Ending the undetermined significance of monoclonal gammopathies (MGUS): First results of the nomoremgus study Free

Background: MGUS is considered a benign condition despite being associated with shorter survival when compared to matched control populations. Malignant transformation, infections and heart or renal disease account for the increased risk of death. Thus, MGUS will be completely benign in most, of clinical significance in some, and will produce anxiety in all cases that will undergo indefinite Hospital visits and (some invasive) lab tests.

Aim: Addmalignant and infection significance into the existing list of monoclonal gammopathies of clinical significance (eg, renal), towards new diagnostic criteria that eliminates the term “undetermined” and classifies monoclonal gammopathies into benign vs clinical significance.

Methods: 31 Spanish Hospitalsare participating in theNoMoreMGUS project to generate a nationwide clinical, tumor and immune metadataset of 5,000 MGUS monitored yearly during 5y. Monoclonal gammopathies of malignant significance will be identified with the integration of clinical and laboratory data with the kinetics of circulating tumor (CTC) and immune cells measured with high-sensitive spectral flow cytometry. Immunosuppressive states will be defined to predict risk of severe infection. Here we report the first interim analysis with a focus on the risk of malignant transformation in the first 1,000 cases. Immune biomarkers of infection risk will be presented at the meeting.
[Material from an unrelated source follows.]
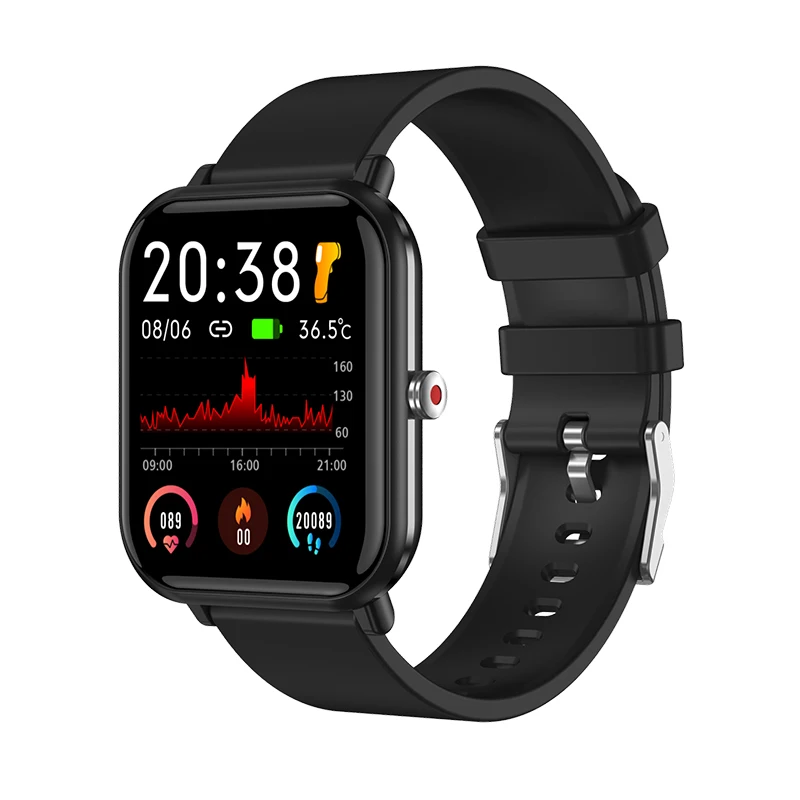 

2021 Newest Smartwatch Body Temperature Detection Fitness Tracker Watches Bluetooth Weather Forecast IP68 Waterproof Smart Watch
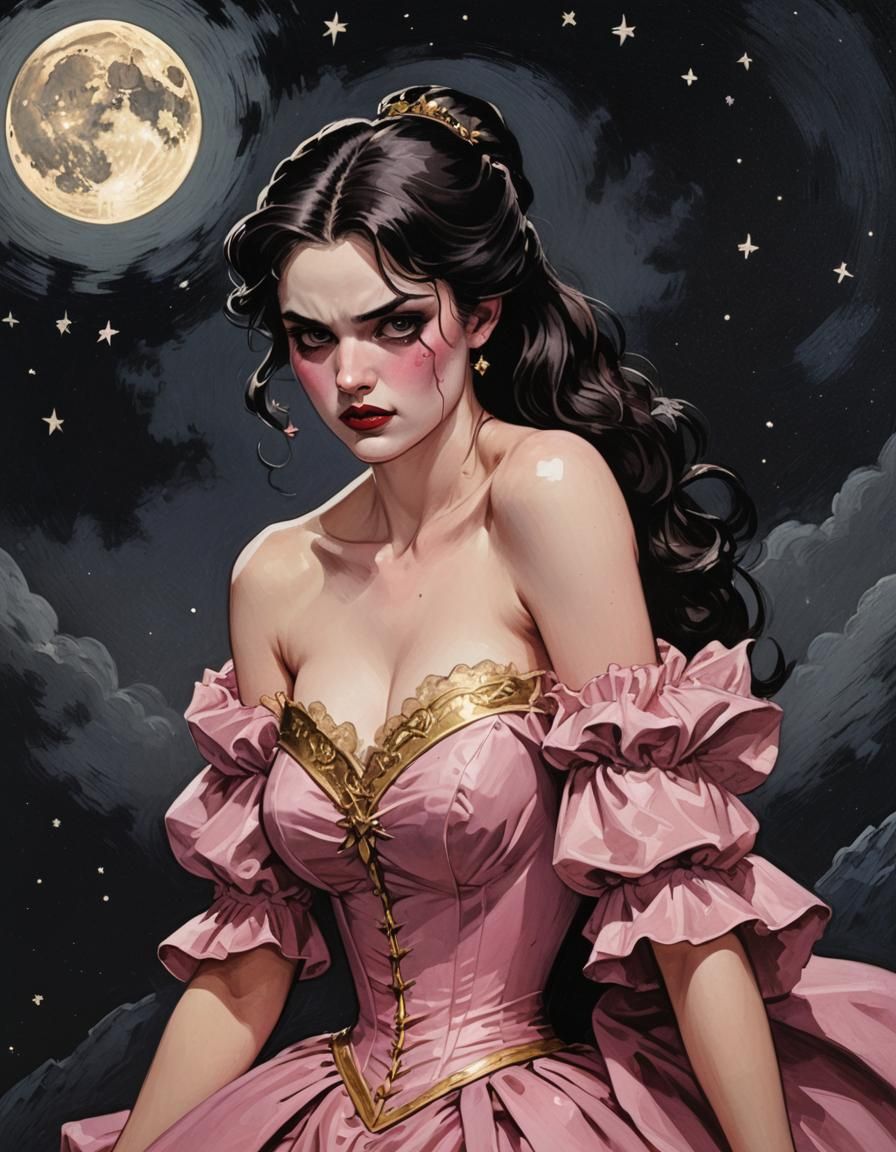 Gilded Age Vampire with Fangs in Starry Night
Results: The first 1,000 cases were enrolled between Feb 2022 and Nov 2023. Median age was 65 (range 30-93) and 49% were male. Isotype distribution was 60.3% IgG, 19.8% IgA, 15.1% IgM, 3.4% biclonal, 1.1% light-chain, and 0.3% IgD/IgE. With a median follow-up of 24.5 months there were 28 progressions: 9 smoldering and 14 active multiple myeloma (MM), 2 light-chain amyloidosis (AL) and 3 asymptomatic Waldenström's macroglobulinemia (WM).

CTCs were detected in 466 (47%) cases and the median percentage was 0.0006% (range, 0.0001% - 44%). CTCs were detected in 45% vs 72% of cases with M-protein ≤1.5 vs >1.5 g/dL. Bone marrow aspirates were infrequently performed in the entire cohort (26%), particularly in cases with M-protein ≤1.5 g/dL (24%) but also in those with >1.5 g/dL (43%). Thus, CTC assessment provided minimally invasive information on the percentage and phenotype of tumor cells that was unknow in 74% of cases. Of note, 13 cases with non-IgM MGUS displayed CTCs with a B-cell phenotype and no PC clonality. The median percentage of CTCs was notoriously higher in non-IgM MGUS with B-cell vs PC phenotype (5.0% vs 0.0003%, p<.001) despite similar M-protein levels (median of 0.9 vs 0.7 g/dL, p=.50).

CTCs were detected in 67/160 (42%) IgM MGUS and in 399/840 (47.5%) non-IgM MGUS. Despite similar detection rates, the percentage of CTCs was significantly higher in IgM vs non-IgM MGUS (0.31% vs 0.0004%; p<.001). By contrast, M-protein levels were similar between IgM vs non-IgM MGUS (median of 0.6 vs 0.7 g/dL, p=.15). In IgM MGUS, presence of ≥1.5% CTCs at baseline was associated with a 16-fold increased risk of transformation to asymptomatic WM (HR: 16.1, p=.02). M-protein levels did not stratify IgM MGUS at different risk of progression.

In cases with non-IgM MGUS, presence of <0.0006% vs ≥0.0006% CTCs at baseline was associated with higher risk of transformation to MM and AL (HR: 7.6, p<.001). Rates of progression at 2y were 0.9% vs 7%. Besides ≥0.0006% CTCs, M-protein >1.5g/dL and an abnormal sFLC ratio were significantly associated with risk of transformation. CTCs (HR: 4.4, p=.008) and M-protein levels (HR: 4.0, p=.015) independently predicted risk of transformation in multivariate analysis. The sFLC ratio was borderline significant (HR: 2.9, p=.10). A minimally invasive model using CTCs, M-protein levels and abnormal sFLC ratio stratified non-IgM MGUS into groups with 0.5%, 1.5%, 6.1% and 16.4% progression rates at 2y based on the presence of 0, 1, 2 or 3 risk factors. The C-statistic of this model (0.87, 95% CI 0.76-0.98; HR: 3.9, p<.001) was superior to that of the Mayo model based on non-IgG isotype, M-protein >1.5g/dL, and abnormal sFLC ratio (0.63, 95% CI 0.42-0.84; HR: 2.00, p=.06).

Conclusions: The first interim analysis of NoMoreMGUS defined CTCs as one of the most informative and independent prognostic factors in MGUS. Owing to its minimally-invasive assessment, CTC dynamics together with other clinical and laboratory features hold promise to redefine monoclonal gammopathies into those with none vs malignant significance.